The recipe I posted is better than boxed mixes, and can be modified to male it your own by adding flavor extracts such ass vanilla, almond, or whatever suits you taste. You can add cinnamon, diced apple, blueberries, various chopped nuts, pumpkin, use melted butter, or bacon/sausage grease instead of cooking oil, etc.
Plus, if you use a little more flour, and sweetener, you have muffin batter. You can replace 1/3 of the all-purpose flour with buckwheat flour, or use whole whet flour. If you add another 1/4 cup of milk, it makes great waffle batter. I've even been known to replace the oil with pumpkin puree, or apple sauce, with the appropriate spices to make delectable fruity pancakes and/or waffles.
The point is, the original recipe has the correct ratios of flour, fat, eggs, leavening agent, and milk to create really great pancakes. How you modify it to make it into everything from muffins, to cake, to waffles, even biscuits is up to you.I'm not posting to toot my own horn, but rather to share wat I've learned from 50 years of cooking, so that you don't have to struggle as I once did.
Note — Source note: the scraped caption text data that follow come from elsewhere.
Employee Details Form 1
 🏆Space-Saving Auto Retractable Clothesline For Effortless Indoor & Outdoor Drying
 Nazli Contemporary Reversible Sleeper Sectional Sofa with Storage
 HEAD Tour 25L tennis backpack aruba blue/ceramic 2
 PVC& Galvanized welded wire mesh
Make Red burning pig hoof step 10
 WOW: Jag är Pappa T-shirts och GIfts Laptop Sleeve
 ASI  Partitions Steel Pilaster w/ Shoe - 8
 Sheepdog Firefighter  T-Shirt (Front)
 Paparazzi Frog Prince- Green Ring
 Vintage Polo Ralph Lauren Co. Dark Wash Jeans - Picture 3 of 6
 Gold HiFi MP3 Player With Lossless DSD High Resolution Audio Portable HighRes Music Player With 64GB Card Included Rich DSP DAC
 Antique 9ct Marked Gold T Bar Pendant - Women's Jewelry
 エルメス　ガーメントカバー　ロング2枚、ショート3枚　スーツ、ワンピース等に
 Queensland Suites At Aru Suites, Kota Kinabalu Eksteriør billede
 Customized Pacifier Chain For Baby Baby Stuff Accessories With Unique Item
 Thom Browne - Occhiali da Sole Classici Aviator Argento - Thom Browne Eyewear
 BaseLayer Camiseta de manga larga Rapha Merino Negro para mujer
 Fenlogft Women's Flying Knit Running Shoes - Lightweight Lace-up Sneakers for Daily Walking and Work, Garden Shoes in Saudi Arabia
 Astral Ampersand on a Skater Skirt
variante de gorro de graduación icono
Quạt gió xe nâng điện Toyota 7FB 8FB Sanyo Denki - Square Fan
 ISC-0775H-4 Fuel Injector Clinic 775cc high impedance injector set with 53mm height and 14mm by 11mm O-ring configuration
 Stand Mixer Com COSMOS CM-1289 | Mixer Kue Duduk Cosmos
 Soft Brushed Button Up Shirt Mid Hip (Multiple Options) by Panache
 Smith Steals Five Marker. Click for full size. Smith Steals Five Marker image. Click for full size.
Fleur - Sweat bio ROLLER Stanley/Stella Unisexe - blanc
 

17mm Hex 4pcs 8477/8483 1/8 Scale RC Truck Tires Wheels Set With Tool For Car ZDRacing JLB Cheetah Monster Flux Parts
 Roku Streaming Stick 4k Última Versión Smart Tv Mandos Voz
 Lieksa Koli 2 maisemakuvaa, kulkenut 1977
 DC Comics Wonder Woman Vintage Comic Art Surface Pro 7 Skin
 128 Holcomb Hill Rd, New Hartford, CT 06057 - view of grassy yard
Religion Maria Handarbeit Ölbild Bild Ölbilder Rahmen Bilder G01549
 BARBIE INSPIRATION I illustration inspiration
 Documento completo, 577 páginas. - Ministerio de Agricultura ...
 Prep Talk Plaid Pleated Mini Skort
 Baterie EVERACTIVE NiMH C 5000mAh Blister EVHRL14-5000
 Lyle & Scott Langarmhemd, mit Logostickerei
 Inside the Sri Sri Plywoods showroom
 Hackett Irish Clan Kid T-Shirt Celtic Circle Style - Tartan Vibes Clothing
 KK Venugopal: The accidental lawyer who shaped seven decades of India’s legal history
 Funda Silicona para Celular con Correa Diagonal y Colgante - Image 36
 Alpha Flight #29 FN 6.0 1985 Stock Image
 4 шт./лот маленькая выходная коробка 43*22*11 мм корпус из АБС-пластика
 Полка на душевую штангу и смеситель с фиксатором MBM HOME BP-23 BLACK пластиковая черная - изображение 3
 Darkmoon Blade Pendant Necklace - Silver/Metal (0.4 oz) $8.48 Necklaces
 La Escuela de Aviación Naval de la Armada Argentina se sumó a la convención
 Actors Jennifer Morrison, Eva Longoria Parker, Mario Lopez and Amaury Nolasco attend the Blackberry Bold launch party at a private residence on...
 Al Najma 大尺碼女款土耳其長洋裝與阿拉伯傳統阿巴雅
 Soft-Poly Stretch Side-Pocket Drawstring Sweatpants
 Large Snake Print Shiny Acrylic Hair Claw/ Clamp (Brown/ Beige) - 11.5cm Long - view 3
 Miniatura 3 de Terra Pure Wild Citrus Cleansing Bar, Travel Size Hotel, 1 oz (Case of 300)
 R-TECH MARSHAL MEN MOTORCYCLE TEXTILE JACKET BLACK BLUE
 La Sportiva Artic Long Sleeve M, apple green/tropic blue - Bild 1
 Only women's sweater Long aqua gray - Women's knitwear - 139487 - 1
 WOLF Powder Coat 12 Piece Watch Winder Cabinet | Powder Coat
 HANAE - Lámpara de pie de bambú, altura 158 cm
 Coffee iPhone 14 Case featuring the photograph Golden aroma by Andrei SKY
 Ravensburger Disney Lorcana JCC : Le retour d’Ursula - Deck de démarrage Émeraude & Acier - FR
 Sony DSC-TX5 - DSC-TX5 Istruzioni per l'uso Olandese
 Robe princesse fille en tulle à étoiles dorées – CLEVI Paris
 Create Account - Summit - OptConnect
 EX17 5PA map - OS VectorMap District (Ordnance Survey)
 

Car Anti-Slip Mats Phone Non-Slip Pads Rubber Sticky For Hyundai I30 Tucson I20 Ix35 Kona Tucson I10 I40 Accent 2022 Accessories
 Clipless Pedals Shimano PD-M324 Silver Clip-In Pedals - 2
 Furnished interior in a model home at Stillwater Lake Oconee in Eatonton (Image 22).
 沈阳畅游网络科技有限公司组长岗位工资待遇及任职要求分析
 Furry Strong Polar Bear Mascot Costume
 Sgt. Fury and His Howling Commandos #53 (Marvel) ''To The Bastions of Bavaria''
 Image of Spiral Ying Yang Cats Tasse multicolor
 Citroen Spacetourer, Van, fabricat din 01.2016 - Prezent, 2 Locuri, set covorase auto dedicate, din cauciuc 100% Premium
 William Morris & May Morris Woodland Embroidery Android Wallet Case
You can even change the leavening agents and use baking soda and buttermilk to create the Co2 bubbles that make the pancakes rise, or use baking soda and cream of tartar to make your own baking powder. The important aspect of any quick breads is the fat, liquid, flour ratios. everything else is variable. Oh, and just so you know, pork fat has less cholesterol than does butter. So if you enjoy the flavors of bacon, or sausage, you can use the rendered grease from cooking these items in place of cooking oil, or butter in the batter.